Task to complete: Only an exact copy is wanted: the lines from the one holding "Ranunculus and Gypsophila Ranunculus" through the last line below, minus the pictures.

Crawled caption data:
============
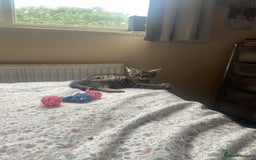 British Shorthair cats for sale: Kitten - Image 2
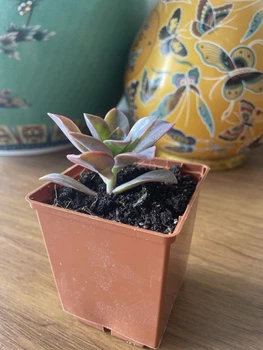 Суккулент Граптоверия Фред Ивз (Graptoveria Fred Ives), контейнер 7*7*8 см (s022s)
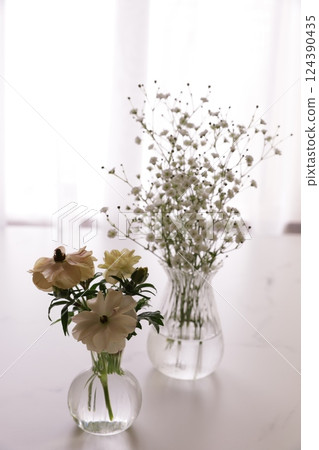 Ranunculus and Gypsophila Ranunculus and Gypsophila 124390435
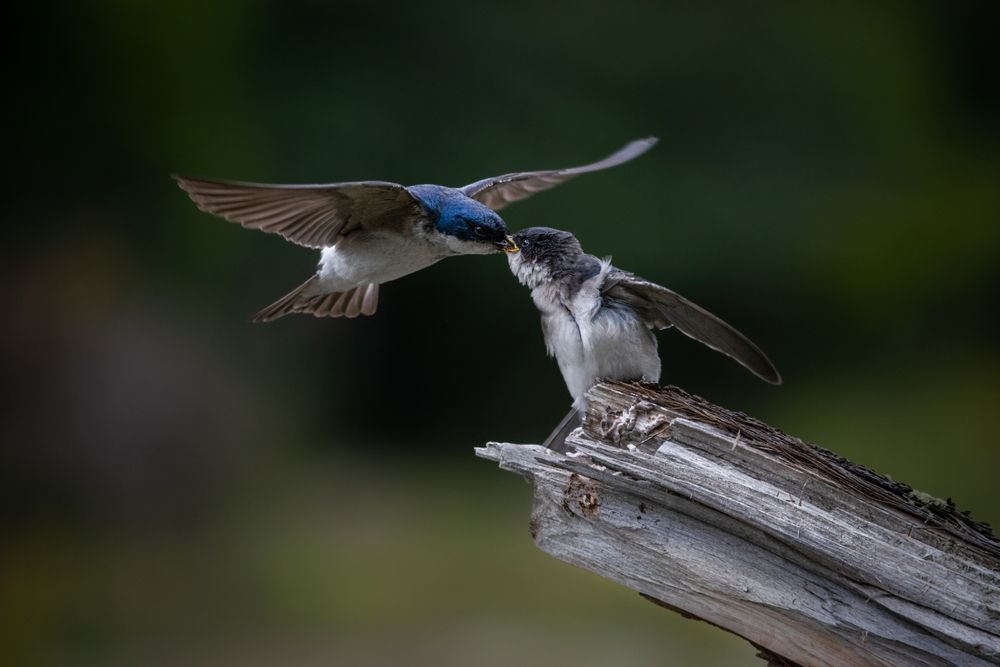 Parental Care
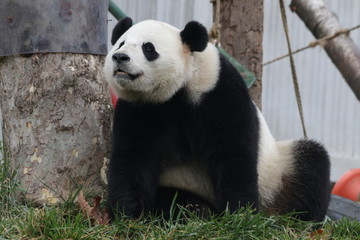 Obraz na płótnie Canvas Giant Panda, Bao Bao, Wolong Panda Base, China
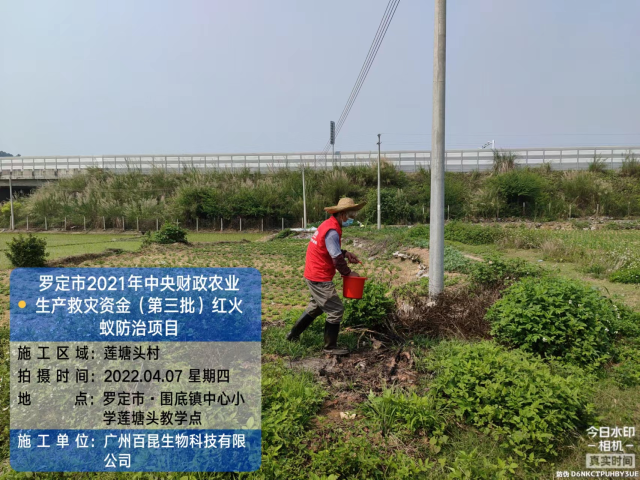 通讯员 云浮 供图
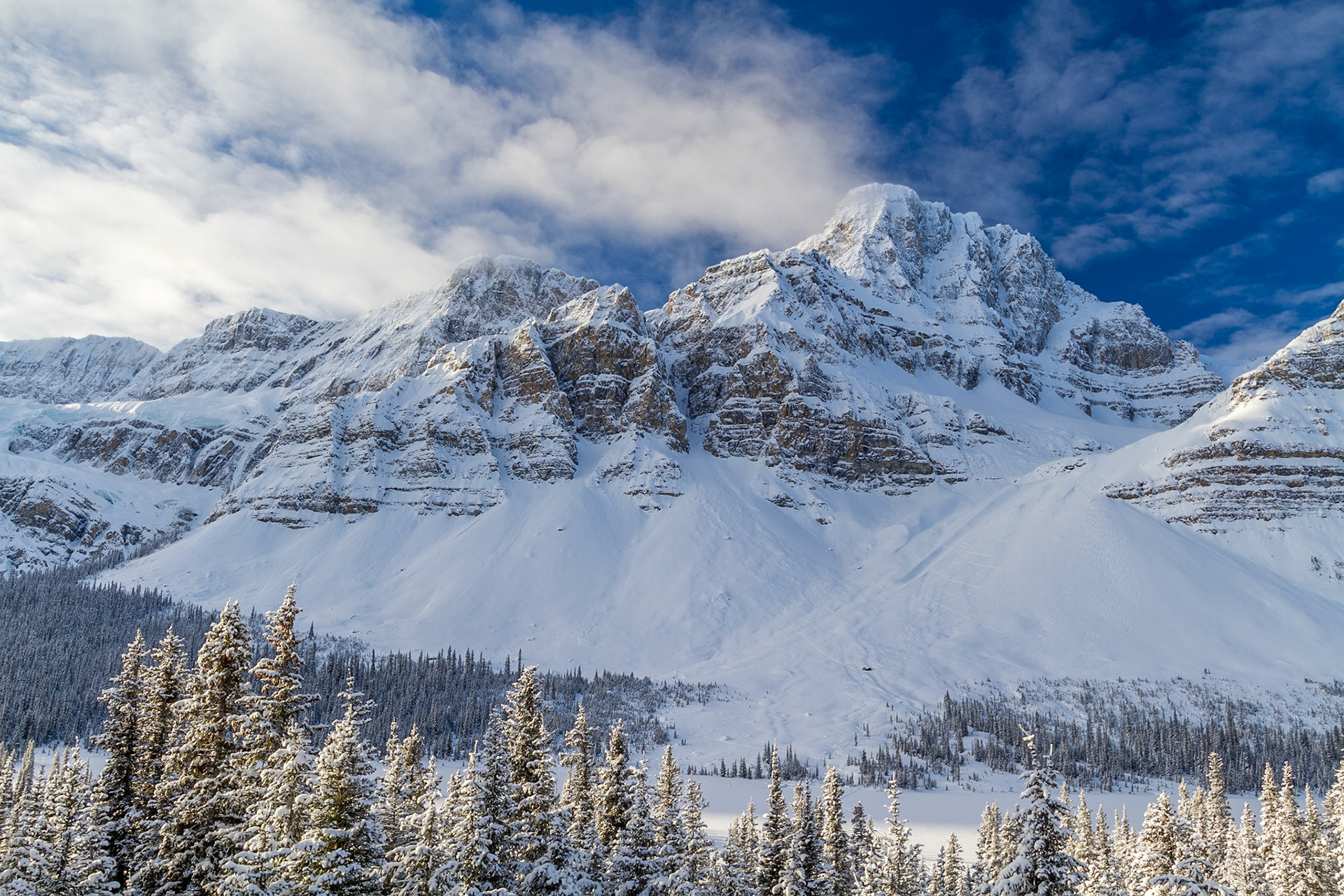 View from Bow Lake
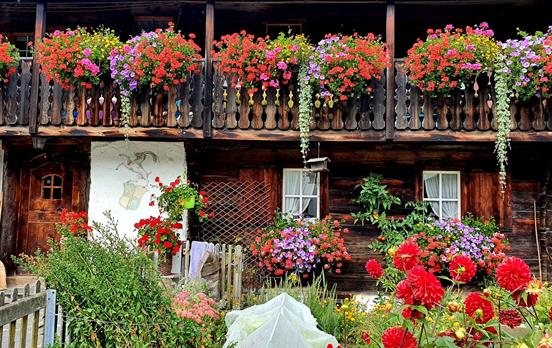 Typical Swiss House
============
Written answer:
 Ranunculus and Gypsophila Ranunculus and Gypsophila 124390435
 Parental Care
 Obraz na płótnie Canvas Giant Panda, Bao Bao, Wolong Panda Base, China
 通讯员 云浮 供图
 View from Bow Lake
 Typical Swiss House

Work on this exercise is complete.